Tavi took a quick look around the sheltering merlon. Below, the Canim surged for the wall. Perhaps twenty feet behind the leading Canim came a tightly packed group bearing a rough wooden ram nearly three feet in diameter between them. Around them, new ranks of Canim hurled their javelins as the whole of the body charged the walls, and more of the creatures came within range, so that there was a continual stream of deadly shafts arching through the air. Tavi barely jerked his head back in time to avoid one such javelin, and it flew past him to bury itself to the base of its head in the wooden beam of a two-story building behind him.
"Lines!" called another legionare, just as the shapes of several enormous iron hooks the size of boat anchors, attached to lengths of steel chain flew up from the ground outside the wall. The hooks landed with heavy clanks, and their chains were drawn tight. Legionares seized and threw down most of them before they could settle into position, but a few caught solidly, and their chains rattled as Canim began swarming up them.
Tavi suddenly heard and felt an enormous boom, an impact that made the walls tremble beneath his boots, the sound loud enough to drown even the howling chaos of the battle for a moment. The ram had reached the gate, and it seemed inconceivable that it could withstand the terrible power driving its weight for long.
"Ready!" shouted the First Spear, leaning out to look down despite the deadly javelins still hurtling through the air. He flicked his head to one side to idly dodge an incoming missile, then growled, "Now!"
The bowmen over the gate had already dropped their bows. Now they lifted large wooden buckets of hot pitch, grunting and straining with the effort, and poured them down to splash over the area before the gate, eliciting shrieks of surprise and agony from the Canim beneath them-and liberally spattering the wooden ram with the material, as well.
Marcus got back under cover, and shouted to Tavi. "Ready!"
Tavi nodded and lifted his fist, glancing back over his shoulder at the courtyard.
At the signal, Crassus and a dozen of his Knights Pisces, as the Legion had generally dubbed them during the march, suddenly shot up out of the courtyard on columns of wind. They shot out over the river, dodging and weaving in a flight pattern meant to make it difficult to target any single Knight in the air, banked around to face the city again, and streaked by no more than sixty feet over the earth, scattering hundreds of startled, circling crows as they did.

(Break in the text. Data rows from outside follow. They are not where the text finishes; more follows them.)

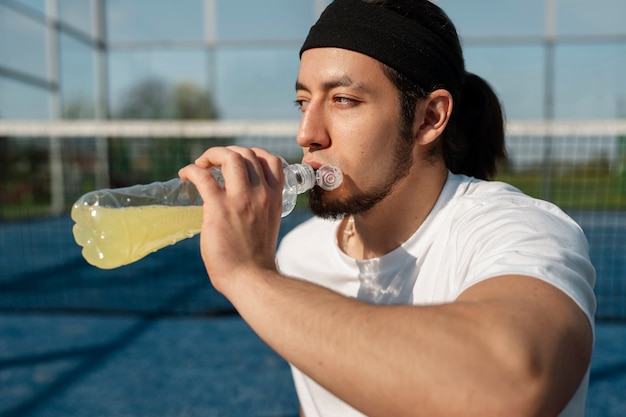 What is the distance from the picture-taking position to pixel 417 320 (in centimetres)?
99

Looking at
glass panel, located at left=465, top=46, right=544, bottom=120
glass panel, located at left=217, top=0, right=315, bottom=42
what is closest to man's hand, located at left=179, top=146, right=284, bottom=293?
glass panel, located at left=465, top=46, right=544, bottom=120

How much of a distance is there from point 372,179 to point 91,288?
584 cm

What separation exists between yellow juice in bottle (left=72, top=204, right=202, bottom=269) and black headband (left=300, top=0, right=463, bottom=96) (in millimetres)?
678

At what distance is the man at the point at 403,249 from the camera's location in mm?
949

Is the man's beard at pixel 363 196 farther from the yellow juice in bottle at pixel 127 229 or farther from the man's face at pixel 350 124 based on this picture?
the yellow juice in bottle at pixel 127 229

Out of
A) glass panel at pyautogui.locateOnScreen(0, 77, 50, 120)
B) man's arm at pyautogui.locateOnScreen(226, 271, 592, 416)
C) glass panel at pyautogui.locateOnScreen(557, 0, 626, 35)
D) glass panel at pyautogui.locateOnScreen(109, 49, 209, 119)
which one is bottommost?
man's arm at pyautogui.locateOnScreen(226, 271, 592, 416)

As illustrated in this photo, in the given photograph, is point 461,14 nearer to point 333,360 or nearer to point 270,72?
point 270,72

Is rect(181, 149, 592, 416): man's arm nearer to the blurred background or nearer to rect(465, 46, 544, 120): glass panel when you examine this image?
the blurred background

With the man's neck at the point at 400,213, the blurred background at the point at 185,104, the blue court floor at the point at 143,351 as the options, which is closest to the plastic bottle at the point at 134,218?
the man's neck at the point at 400,213

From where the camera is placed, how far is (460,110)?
7.47 feet

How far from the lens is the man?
0.95m

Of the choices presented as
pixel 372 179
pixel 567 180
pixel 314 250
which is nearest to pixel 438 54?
pixel 372 179

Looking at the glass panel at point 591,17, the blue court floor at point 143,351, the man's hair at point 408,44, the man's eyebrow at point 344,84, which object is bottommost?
the blue court floor at point 143,351

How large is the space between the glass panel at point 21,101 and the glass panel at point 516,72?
8.96 metres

More missiles flew up at the flight of Knights, but none found their mark, and as Crassus flashed past the gates, Tavi saw him point a finger and cry out. A flickering bead of white-hot fire appeared before him and screamed earthward, striking the pitch-soaked wooden ram and bursting into a sudden cloud of angry fire.

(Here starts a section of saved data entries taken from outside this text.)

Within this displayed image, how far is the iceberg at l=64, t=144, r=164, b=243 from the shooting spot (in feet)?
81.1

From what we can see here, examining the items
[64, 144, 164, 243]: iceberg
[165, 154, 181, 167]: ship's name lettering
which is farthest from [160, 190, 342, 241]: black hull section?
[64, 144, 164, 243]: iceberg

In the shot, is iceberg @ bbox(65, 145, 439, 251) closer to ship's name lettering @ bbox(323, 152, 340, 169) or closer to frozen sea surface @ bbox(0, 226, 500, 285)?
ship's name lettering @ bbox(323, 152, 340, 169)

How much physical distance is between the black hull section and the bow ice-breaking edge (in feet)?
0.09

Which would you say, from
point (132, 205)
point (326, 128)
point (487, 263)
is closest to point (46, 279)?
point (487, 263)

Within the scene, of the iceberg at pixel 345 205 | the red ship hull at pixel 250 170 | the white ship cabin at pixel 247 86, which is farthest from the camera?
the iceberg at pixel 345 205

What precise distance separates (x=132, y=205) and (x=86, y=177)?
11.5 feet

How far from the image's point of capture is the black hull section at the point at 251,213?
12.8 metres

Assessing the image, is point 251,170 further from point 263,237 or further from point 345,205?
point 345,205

The flame seared and burned, and Canim screamed. The deadly hot pitch took fire as well, dooming anything already soaked in it to a swift and terrible demise.
Atop the walls, Tavi saw one of the Canim reach the wall above his scaling chain, but hard-faced legionares were waiting. Swords and spears lashed out, and the Cane fell out of sight. Other legionares used captured javelins as pry bars, levering the heavy grappling hooks out of position and sending more Canim to the earth.
Tavi could not have said precisely what it was that let him understand it, but he sensed the sudden hesitation in the Canim charge. He turned to Crassus and whirled his arm in a circle over his head.
The Knight Tribune had blackened eyes since Tavi had broken his nose, but they were sharp, and the flight of Knights banked and hurtled along the walls again upon a furycrafted gale, casting dirt and dust into the Canim's eyes and noses while Crassus hurled half a dozen more blazing spheres down into the Canim, tiny beads of light blossoming into explosions of flame.